Then consider this function for merge sort:
Merge(ary)
{
ary_start = Merge(ary[0:n/2]);
ary_end = Merge(ary[n/2:n]);
return MergeArrays(ary_start, ary_end);
}
This function calls itself on half the input twice, then merges the two halves (using O(n) work). That is, T(n) = T(n/2) + T(n/2) + O(n). To solve recurrence relations of this type, you should use the Master Theorem. By this theorem, this expands to T(n) = O(n log n).
Finally, consider this function to calculate Fibonacci:
Fib2(n)
{
two = one = 1;
for(i from 2 to n)
{
temp = two + one;
one = two;
two = temp;
}
return two;
}
This function calls itself no times, and it iterates O(n) times. Therefore, its recurrence relation is T(n) = O(n). This is the case you asked about. It is a special case of recurrence relations with no recurrence; therefore, it is very easy to solve.
To find the running time of an algorithm we need to firstly able to write an expression for the algorithm and that expression tells the running time for each step.

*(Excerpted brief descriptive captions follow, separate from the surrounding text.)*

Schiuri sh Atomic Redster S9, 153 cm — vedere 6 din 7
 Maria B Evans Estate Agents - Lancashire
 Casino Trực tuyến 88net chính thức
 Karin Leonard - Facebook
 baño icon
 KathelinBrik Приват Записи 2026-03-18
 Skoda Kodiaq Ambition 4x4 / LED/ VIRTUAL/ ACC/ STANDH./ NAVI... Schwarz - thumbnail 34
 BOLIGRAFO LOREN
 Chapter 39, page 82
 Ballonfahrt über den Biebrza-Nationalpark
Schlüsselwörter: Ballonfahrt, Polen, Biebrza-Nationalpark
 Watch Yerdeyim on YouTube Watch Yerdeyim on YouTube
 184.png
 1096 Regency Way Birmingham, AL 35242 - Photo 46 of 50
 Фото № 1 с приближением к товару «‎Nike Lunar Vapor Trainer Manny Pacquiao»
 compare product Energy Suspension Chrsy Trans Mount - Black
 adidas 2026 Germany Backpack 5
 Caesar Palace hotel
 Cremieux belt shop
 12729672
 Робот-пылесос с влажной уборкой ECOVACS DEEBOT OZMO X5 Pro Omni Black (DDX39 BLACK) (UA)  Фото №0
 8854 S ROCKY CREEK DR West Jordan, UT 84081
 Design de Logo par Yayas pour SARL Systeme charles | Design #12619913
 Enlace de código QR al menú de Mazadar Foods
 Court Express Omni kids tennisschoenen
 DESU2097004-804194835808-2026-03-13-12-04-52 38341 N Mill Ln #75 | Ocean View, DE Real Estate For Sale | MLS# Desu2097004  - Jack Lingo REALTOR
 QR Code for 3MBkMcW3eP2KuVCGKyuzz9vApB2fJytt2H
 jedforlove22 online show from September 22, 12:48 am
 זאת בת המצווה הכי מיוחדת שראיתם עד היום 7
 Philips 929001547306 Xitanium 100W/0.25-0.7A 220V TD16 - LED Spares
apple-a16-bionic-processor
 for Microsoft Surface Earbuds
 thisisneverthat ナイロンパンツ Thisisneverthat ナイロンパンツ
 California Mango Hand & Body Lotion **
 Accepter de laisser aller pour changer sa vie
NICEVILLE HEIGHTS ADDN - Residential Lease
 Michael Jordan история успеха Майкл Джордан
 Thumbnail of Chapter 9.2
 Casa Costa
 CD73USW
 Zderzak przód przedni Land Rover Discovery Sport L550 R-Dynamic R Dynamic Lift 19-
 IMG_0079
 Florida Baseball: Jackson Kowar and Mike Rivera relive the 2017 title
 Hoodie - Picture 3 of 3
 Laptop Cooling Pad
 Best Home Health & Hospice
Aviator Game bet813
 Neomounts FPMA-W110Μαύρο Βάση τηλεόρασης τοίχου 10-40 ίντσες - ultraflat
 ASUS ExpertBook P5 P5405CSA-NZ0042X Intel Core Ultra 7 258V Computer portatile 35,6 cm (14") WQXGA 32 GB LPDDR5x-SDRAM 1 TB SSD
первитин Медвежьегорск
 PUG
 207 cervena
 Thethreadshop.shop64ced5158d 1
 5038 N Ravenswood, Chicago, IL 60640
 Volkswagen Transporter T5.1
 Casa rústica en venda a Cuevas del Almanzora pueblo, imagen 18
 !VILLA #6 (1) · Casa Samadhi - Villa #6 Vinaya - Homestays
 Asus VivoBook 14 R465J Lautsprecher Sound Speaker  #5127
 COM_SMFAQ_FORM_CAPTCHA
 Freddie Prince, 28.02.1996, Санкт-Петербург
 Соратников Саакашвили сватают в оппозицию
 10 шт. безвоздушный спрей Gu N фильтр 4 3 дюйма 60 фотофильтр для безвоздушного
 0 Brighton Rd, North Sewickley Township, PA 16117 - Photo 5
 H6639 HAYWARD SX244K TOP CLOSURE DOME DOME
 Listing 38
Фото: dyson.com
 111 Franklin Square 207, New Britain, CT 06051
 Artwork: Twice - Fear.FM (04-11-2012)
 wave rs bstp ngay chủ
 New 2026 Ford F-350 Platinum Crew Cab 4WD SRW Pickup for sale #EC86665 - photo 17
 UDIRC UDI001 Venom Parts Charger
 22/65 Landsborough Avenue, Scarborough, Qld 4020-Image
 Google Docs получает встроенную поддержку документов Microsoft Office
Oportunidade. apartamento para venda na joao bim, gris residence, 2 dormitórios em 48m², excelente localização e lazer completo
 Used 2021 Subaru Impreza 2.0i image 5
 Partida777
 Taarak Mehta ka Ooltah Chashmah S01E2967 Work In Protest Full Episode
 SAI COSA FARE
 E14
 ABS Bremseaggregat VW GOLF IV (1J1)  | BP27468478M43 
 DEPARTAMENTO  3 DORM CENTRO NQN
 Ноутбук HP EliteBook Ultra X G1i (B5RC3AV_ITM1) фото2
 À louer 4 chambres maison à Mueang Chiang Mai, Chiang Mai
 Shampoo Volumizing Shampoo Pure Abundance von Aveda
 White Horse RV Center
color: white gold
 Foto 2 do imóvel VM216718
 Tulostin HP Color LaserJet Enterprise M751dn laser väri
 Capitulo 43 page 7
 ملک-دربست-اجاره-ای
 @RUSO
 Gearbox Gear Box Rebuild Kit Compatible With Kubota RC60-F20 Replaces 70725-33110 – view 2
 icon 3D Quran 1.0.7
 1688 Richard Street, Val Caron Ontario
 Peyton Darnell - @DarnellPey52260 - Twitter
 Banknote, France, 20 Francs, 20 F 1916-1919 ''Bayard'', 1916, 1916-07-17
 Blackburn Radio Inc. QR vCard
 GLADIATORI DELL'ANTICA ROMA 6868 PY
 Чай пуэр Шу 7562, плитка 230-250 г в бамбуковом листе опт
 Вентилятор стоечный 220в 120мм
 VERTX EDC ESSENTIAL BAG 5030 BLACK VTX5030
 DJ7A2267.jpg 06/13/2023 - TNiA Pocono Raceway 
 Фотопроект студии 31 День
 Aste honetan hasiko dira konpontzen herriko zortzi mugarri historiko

So you need to walk through each of the steps of an algorithm to find the expression.
For example, suppose we defined a predicate, isSorted, which would take as input an array a and the size, n, of the array and would return true if and only if the array was sorted in increasing order.
bool isSorted(int *a, int n) {
if (n == 1)
return true; // a 1-element array is always sorted
for (int i = 0; i < n-1; i++) {
if (a[i] > a[i+1]) // found two adjacent elements out of order
return false;
}
return true; // everything's in sorted order
}
Clearly, the size of the input here will simply be n, the size of the array. How many steps will be performed in the worst case, for input n?
The first if statement counts as 1 step
The for loop will execute n−1 times in the worst case (assuming the internal test doesn't kick us out), for a total time of n−1 for the loop test and the increment of the index.
Inside the loop, there's another if statement which will be executed once per iteration for a total of n−1 time, at worst.
The last return will be executed once.
So, in the worst case, we'll have done 1+(n−1)+(n−1)+1
computations, for a total run time T(n)≤1+(n−1)+(n−1)+1=2n and so we have the timing function T(n)=O(n).
So in brief what we have done is-->>
1.For a parameter 'n' which gives the size of the input we assume that each simple statements that are executed once will take constant time,for simplicity assume one
2.The iterative statements like loops and inside body will take variable time depending upon the input.
Which has solution T(n)=O(n), just as with the non-recursive version, as it happens.
3.So your task is to go step by step and write down the function in terms of n to calulate the time complexity
For recursive algorithms, you do the same thing, only this time you add the time taken by each recursive call, expressed as a function of the time it takes on its input.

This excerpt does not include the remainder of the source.